Data entries:
◆ ◆ ◆
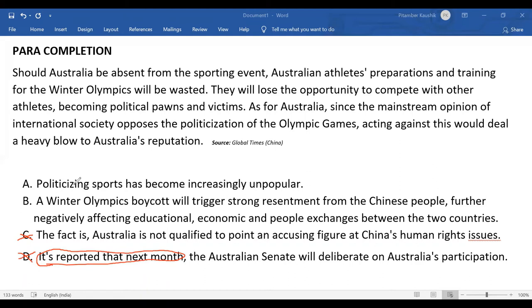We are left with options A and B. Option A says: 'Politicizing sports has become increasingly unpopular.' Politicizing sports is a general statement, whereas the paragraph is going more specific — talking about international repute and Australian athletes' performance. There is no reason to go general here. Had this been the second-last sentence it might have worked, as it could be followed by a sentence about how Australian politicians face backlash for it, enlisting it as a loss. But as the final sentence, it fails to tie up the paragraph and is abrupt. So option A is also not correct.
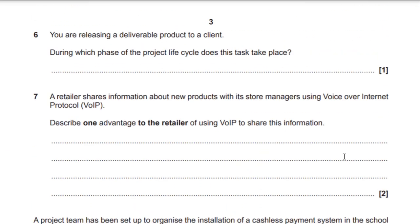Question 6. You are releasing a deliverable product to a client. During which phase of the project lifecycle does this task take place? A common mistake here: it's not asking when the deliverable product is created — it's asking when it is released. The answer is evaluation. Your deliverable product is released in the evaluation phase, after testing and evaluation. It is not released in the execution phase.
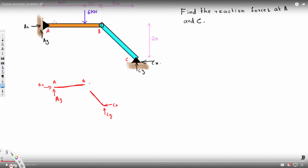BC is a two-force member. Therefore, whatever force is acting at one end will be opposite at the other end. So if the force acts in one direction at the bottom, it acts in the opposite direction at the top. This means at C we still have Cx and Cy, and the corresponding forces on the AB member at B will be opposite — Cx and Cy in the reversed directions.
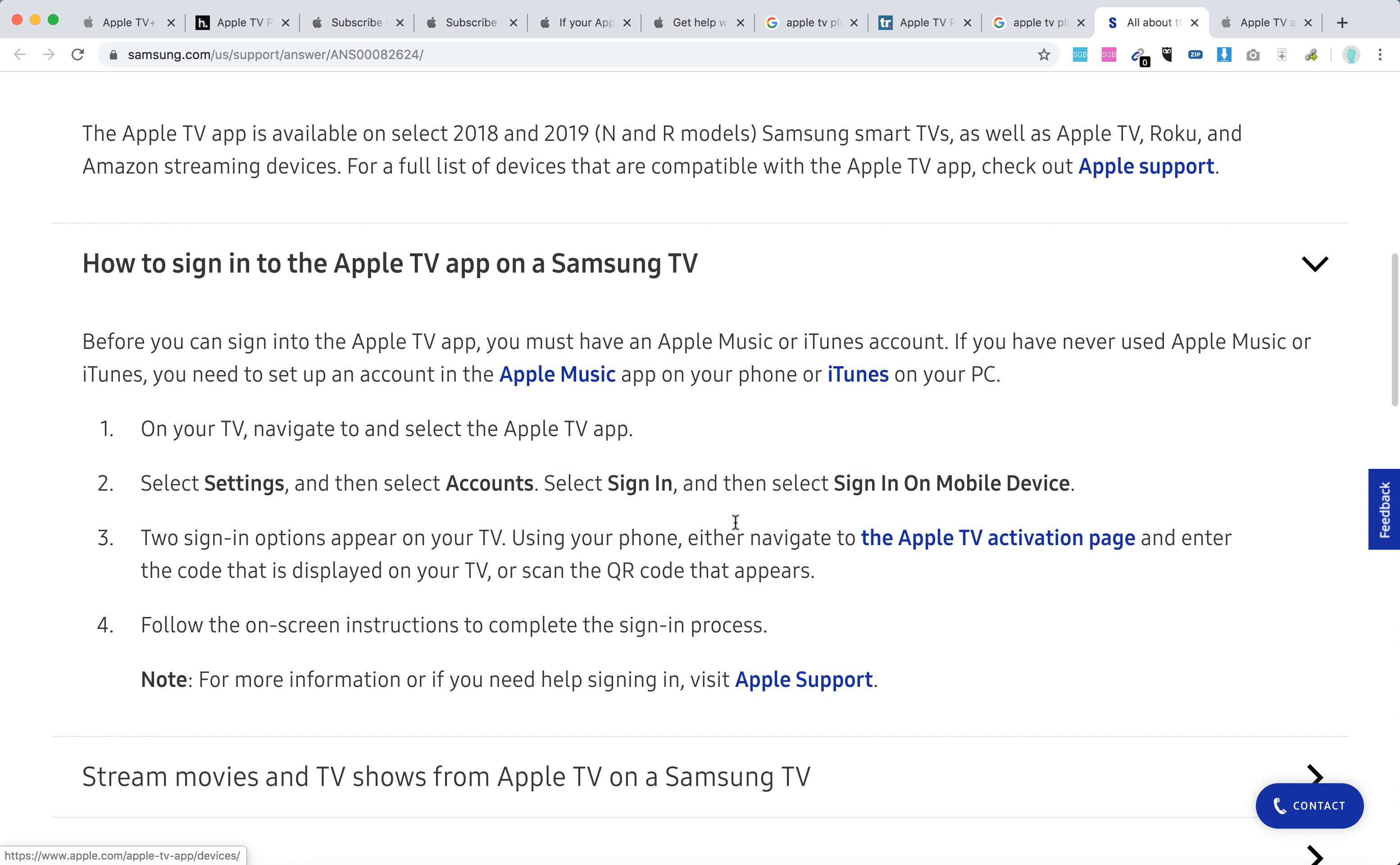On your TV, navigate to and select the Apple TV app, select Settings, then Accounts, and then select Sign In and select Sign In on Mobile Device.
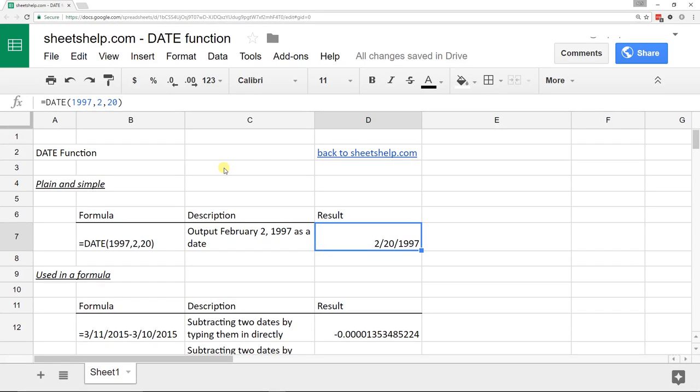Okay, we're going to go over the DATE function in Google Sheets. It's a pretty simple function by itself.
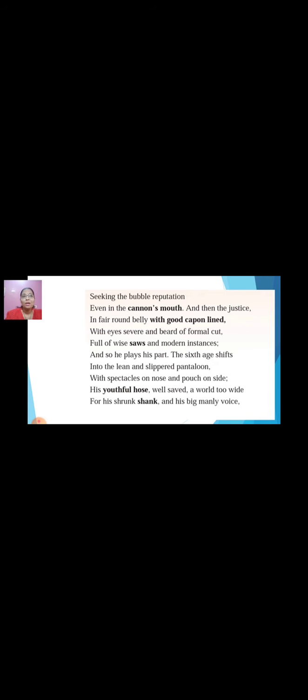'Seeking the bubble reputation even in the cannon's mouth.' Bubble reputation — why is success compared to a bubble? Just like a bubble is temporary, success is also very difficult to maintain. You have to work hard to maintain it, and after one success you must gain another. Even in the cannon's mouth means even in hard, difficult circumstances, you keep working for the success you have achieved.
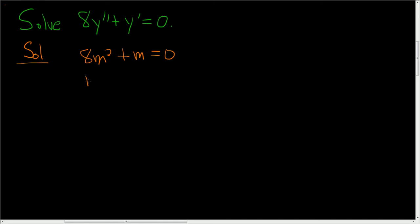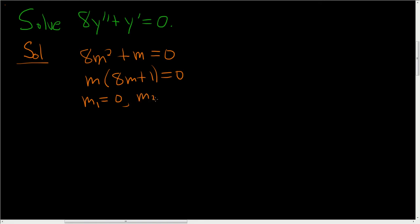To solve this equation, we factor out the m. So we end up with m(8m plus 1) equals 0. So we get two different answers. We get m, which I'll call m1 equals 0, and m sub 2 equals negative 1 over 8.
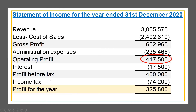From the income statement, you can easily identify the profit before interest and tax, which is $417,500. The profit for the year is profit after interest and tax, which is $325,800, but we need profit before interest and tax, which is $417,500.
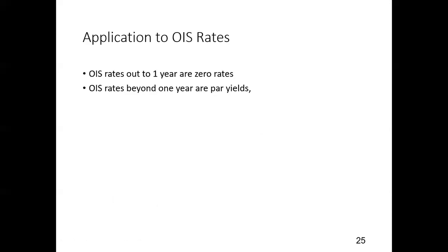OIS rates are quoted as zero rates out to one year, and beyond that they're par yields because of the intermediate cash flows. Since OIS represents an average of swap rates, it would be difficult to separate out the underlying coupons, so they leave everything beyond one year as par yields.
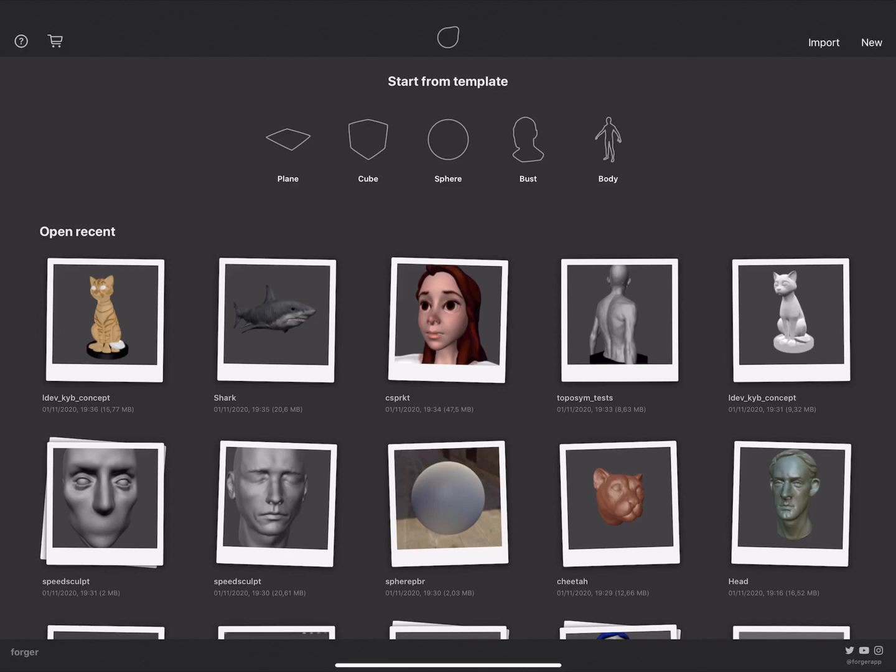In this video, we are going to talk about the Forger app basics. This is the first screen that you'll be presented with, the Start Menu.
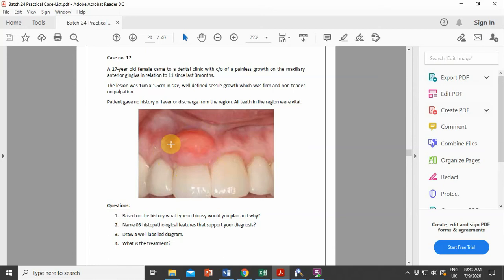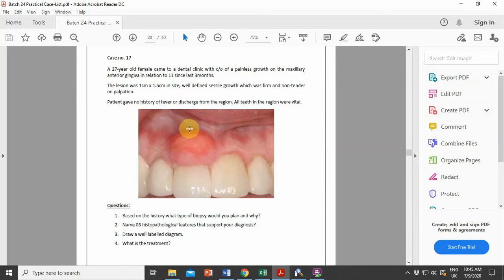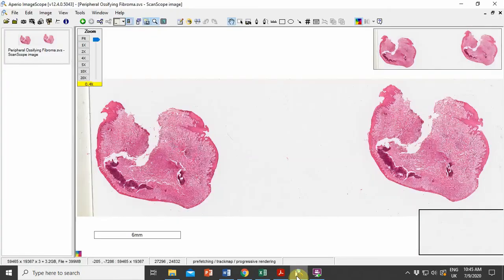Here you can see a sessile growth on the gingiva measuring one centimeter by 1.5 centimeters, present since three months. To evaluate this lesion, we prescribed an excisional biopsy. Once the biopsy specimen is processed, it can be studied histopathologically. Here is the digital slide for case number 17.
◆ ◆ ◆
Please output an exact repetition of the lines from the line containing "In this video, we" to the end of the records, both included, with no pictures and no additional text.

Answer box
In this video, we are going to talk about the Forger app basics. This is the first screen that you'll be presented with, the Start Menu.
Here you can see a sessile growth on the gingiva measuring one centimeter by 1.5 centimeters, present since three months. To evaluate this lesion, we prescribed an excisional biopsy. Once the biopsy specimen is processed, it can be studied histopathologically. Here is the digital slide for case number 17.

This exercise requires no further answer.